Pour sa part, la Ville de Disraeli avait prévu le coup et annoncé une soirée d’information qui s’est tenue le 25 janvier dans la salle de l’hôtel de ville. Le nombre de citoyens présents ne laissait planer aucun doute sur la pertinence de la réunion présidée par le directeur général de la MRC de L’Amiante, M. Serge Nadeau.

Réunion d’information

D’entrée, ce dernier a prévenu l’assistance que la réunion portait uniquement sur la confection du rôle d’évaluation, ce qui excluait tout questionnement ou discussion sur les comptes de taxes lesquels relèvent de l’administration municipale.

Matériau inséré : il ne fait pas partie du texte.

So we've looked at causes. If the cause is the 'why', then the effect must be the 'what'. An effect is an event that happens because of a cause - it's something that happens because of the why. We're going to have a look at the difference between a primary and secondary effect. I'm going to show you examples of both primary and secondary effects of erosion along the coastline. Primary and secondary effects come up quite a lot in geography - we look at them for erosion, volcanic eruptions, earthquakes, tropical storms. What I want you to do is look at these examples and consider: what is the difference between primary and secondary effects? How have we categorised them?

Les évaluateurs présents et auteurs de la mise à jour du rôle lequel est le premier réalisé par la MRC, MM Luc Bélanger et Gérard Grenier, ont à tour de rôle expliqué la démarche de nature technique devant conduire à l’évaluation des immeubles (terrains et bâtisses). À la lumière des quelque 150 transactions enregistrées dans les années 2003-03-04 d’une part, et à l’aide de critères techniques objectifs reconnus, ces derniers ont réévalué (et non factorisé) les propriétés sur la base d’un marché évolutif.

M. Bélanger a rappelé qu’un rôle d’évaluation vise deux buts : fournir un outil de taxation aux municipalités, et informer les propriétaires sur l’état du marché. Tous les neuf ans, la loi sur la fiscalité municipale prescrit la confection d’une nouvelle évaluation qui correspond à la valeur réelle d’échange d’un immeuble dans un marché libre avec concurrence.

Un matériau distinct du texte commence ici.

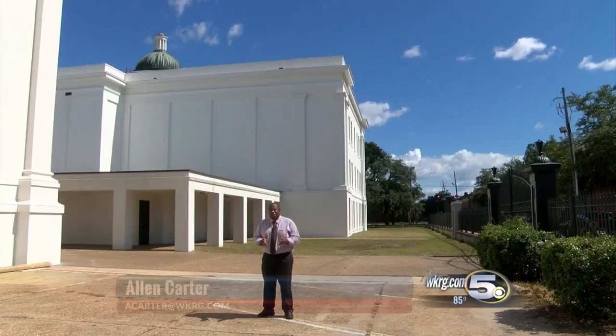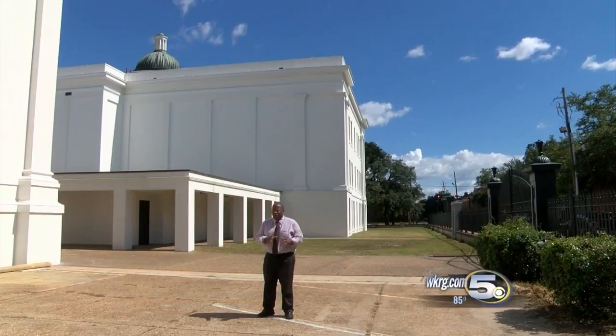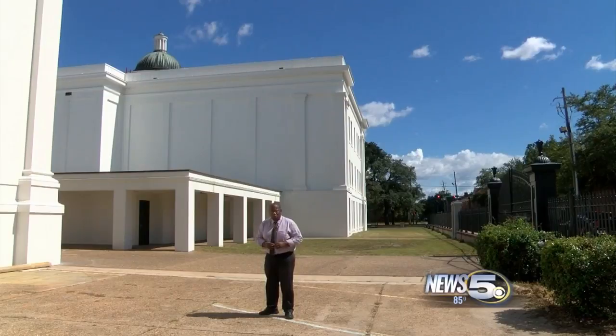You might be thinking: what do you get for donating one and a quarter million dollars? Well, see that dome there? It's now going to be named the Ben May Dome.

À Disraeli, quelque 1 200 dossiers ont été traités. L’évaluateur a énuméré des facteurs influant sur la valeur d’une propriété et la rendant spécifique : grandeur, forme, âge, accès, topographie, services, secteur, façade sur le lac, etc.

Selon les experts, le nouveau rôle d’évaluation a haussé la valeur foncière de l’ordre de 15 à 20%. «Je pense que mon évaluation est bonne, mais je ne refuse jamais d’écouter un propriétaire», de répondre M. Bélanger à un interlocuteur insatisfait. Plusieurs propriétaires riverains qui en ont mangé un coup avec un bond prodigieux de leur évaluation ont questionné la validité de la démarche. «À 95%, nos dossiers sont conformes à la réalité ; il reste toujours des cas d’exception», a commenté l’expert qui s’est bien abstenu de se prononcer sur la qualité du rôle précédent confectionné par la firme Morin & Roy de Sherbrooke.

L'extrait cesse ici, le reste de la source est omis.